Phenomenology of the Visual Arts (Even the Frame)

Phenomenology of the Visual Arts (Even the Frame)

Phenomenology of the Visual Arts (Even the Frame)

Phenomenology of the Visual Arts (Even the Frame)

Synopsis

Why are the visual arts so important and what is it that makes their forms significant? Countering recent interpretations of meaning that understand visual artworks on the model of literary texts, Crowther formulates a theory of the visual arts based on what their creation achieves both cognitively and aesthetically. He develops a phenomenology that emphasizes how visual art gives unique aesthetic expression to factors that are basic to perception. At the same time, he shows how various artistic media embody these factors in distinctive ways. Attentive to both the creation and reception of all major visual art forms (picturing, sculpture, architecture, and photography), Phenomenology of the Visual Arts also addresses complex idioms, including abstract, conceptual, and digital art.

Excerpt

This book discusses a realm of complex meanings which gives the visual arts a distinctive character.

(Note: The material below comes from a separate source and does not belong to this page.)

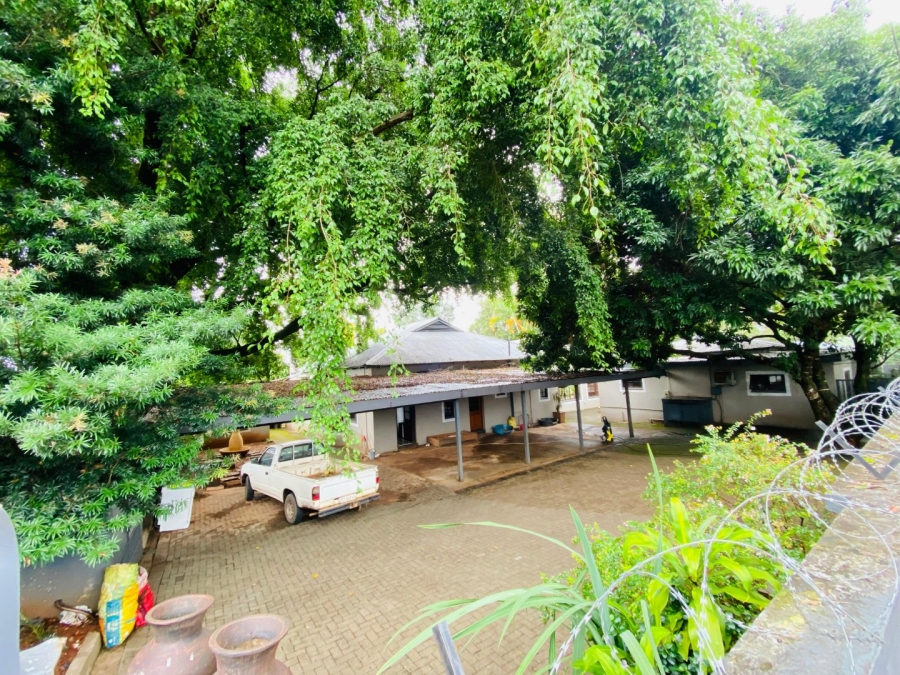 6 Bedroom Property for Sale in Fauna Park Limpopo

Key questions of method arise at the very outset.

In this respect, it is striking that the influence of poststructuralist thinkers (such as Derrida, Foucault, and Lacan) has led many art historians and theorists to reinterpret their task in terms of histories of representation and visual culture. The idea of art as a unique form of meaning has been subjected to sustained critique.

This critique, however, has its own shortcomings. In Chapter 1 of this book, I will clarify the limitations of reductionist approaches to art (which are especially influenced by poststructuralism). These approaches tend to assimilate meaning in the visual arts to the socio-historical context in which the works were produced or to models derived from literary analysis; and to neglect the distinctively visual dimension. Detailed descriptions of the artwork's aesthetic and phenomenal structure are marginalized—if they are offered at all.

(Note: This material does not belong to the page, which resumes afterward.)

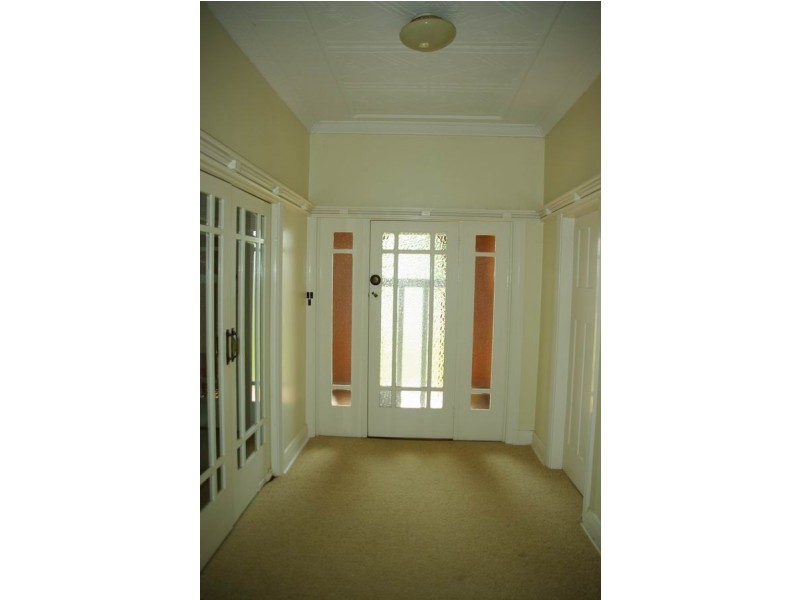 103 Gisborne Street, Wellington NSW 2820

The analytic tradition of aesthetics fares little better. It has the great merit of offering lucid argumentative techniques which do not fall into the error of taking obscurity and elliptical expression for signs of profundity, per se.

Unfortunately, it also has significant shortcomings in terms of engaging with the concrete artwork. Characteristically, its descriptive strategies fixate, somewhat, on the general logical character of the work (e.g. the type/token relation, or the referential structure of pictorial representation).

Indeed, the main orientation in this tradition is towards how aesthetic and artistic terms are used. Analytic approaches employ notions such as 'aesthetic' and 'expressive' qualities but mainly without explaining what makes those qualities so significant over and above the mere fact of being aesthetic or expressive. Description stops just where the significance of the aesthetic (and cognate terms) becomes a question.